*** Opening SOURCE MATERIAL ***

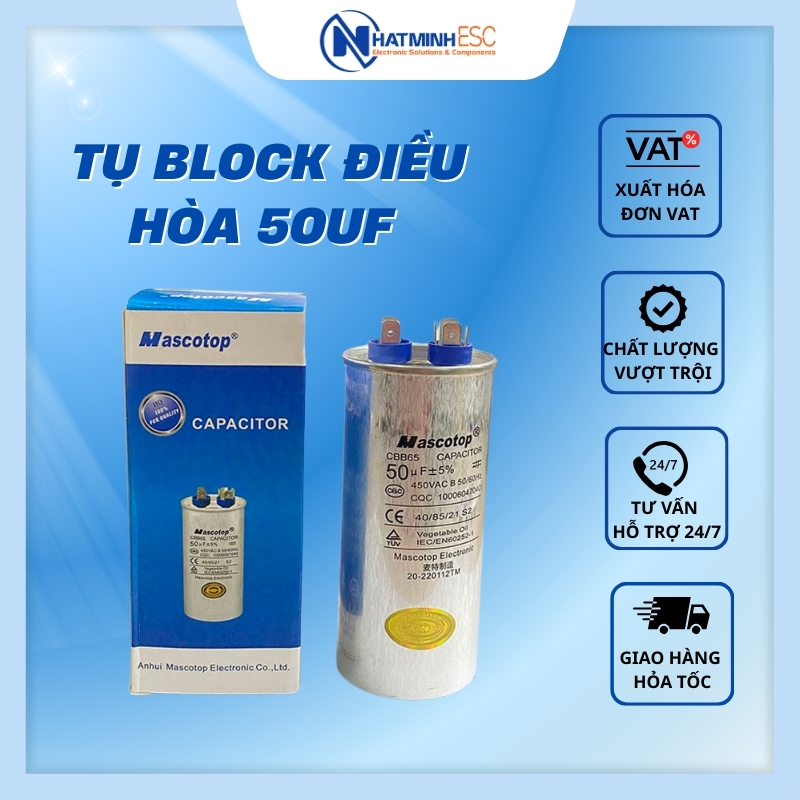 Tụ block điều hòa 50uF 450V CBB65 chính hãng Mascotop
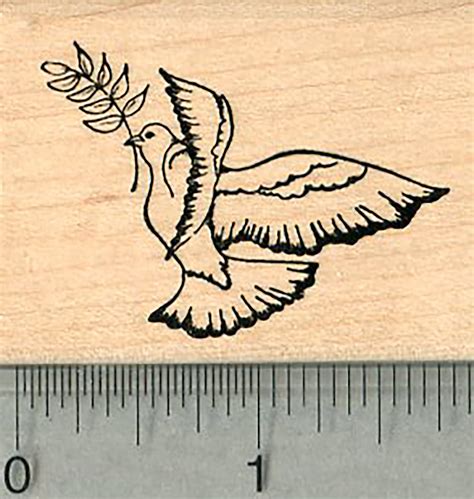 Peace Dove Rubber Stamp With Olive Branch Facing Left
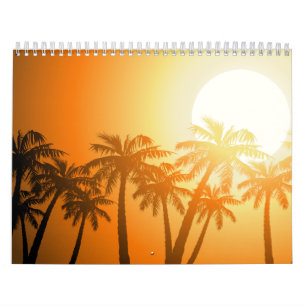 Tropische Palmen bei Sonnenuntergang Kalender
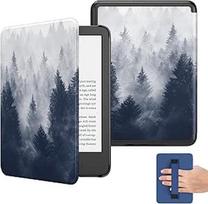 "MoKo" dėklas 6 colių visiškai naujam "Kindle" (11 kartos 2024/2022 leidimas), lengvas dėklas su dirželiu rankai, skirtas "Kindle" 11 kartos 2024 elektroninei skaityklei, "Grey Forest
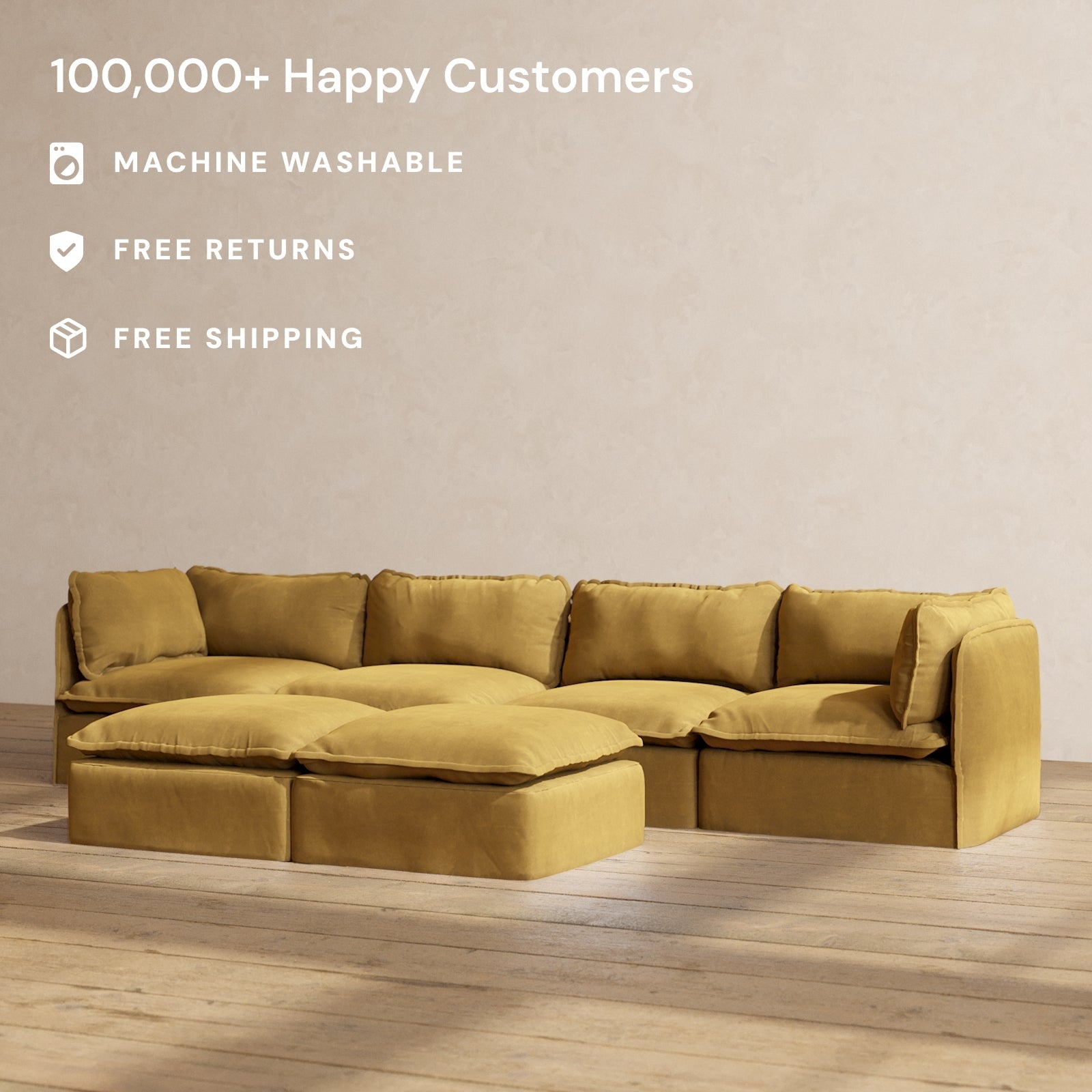 Modular Performance 4-Seater Sofa with Bench Ottoman in Toffee Brown | Modern Sectional Couch for Living Room, Family Room & Lounge Areas | Comfortable Blend Fabric for Relaxation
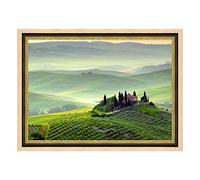 Poster e Stampa con Cornice Classica - Toscana Colline del Chianti - 70x100cm - Moderna Alto Spessore Legno Naturale Battuta Nera e Oro a Foglia Verde Smeraldo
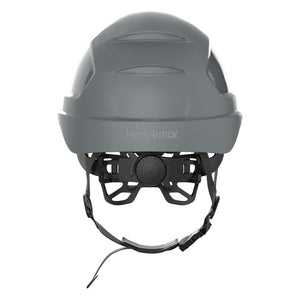 Ceros XP450AE with Mips and chin strap safety helmet as shown from the back showcasing the wheel ratchet adjustment system.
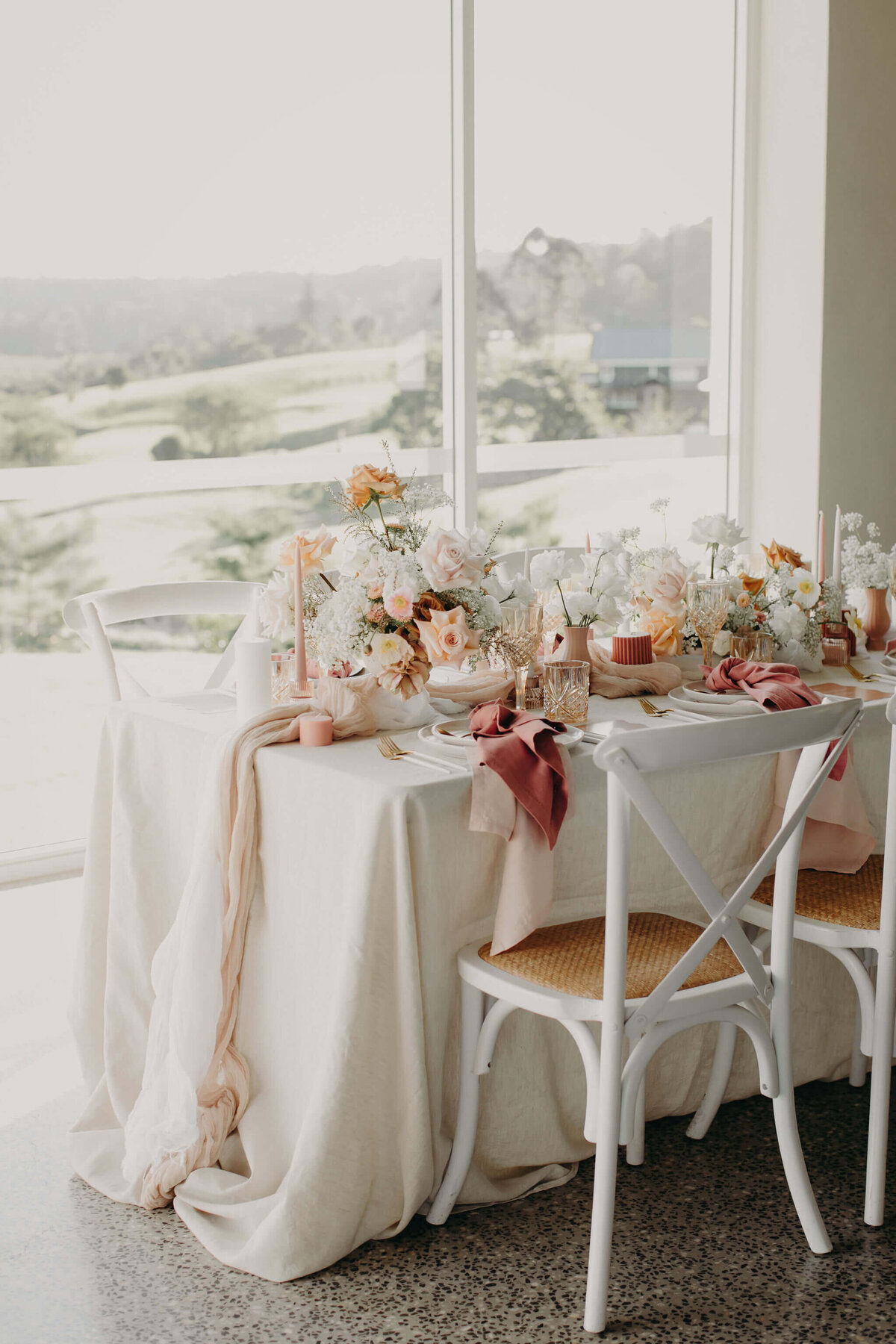 Romantic table centrepieces Sunshine Coast wedding flowers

*** Closing SOURCE MATERIAL ***

## AIM OF THE TASK
A faithful copy of all the entries is required, pictures excluded.

## RESULT FOR THIS TASK
 Tụ block điều hòa 50uF 450V CBB65 chính hãng Mascotop
 Peace Dove Rubber Stamp With Olive Branch Facing Left
 Tropische Palmen bei Sonnenuntergang Kalender
 "MoKo" dėklas 6 colių visiškai naujam "Kindle" (11 kartos 2024/2022 leidimas), lengvas dėklas su dirželiu rankai, skirtas "Kindle" 11 kartos 2024 elektroninei skaityklei, "Grey Forest
 Modular Performance 4-Seater Sofa with Bench Ottoman in Toffee Brown | Modern Sectional Couch for Living Room, Family Room & Lounge Areas | Comfortable Blend Fabric for Relaxation
 Poster e Stampa con Cornice Classica - Toscana Colline del Chianti - 70x100cm - Moderna Alto Spessore Legno Naturale Battuta Nera e Oro a Foglia Verde Smeraldo
 Ceros XP450AE with Mips and chin strap safety helmet as shown from the back showcasing the wheel ratchet adjustment system.
 Romantic table centrepieces Sunshine Coast wedding flowers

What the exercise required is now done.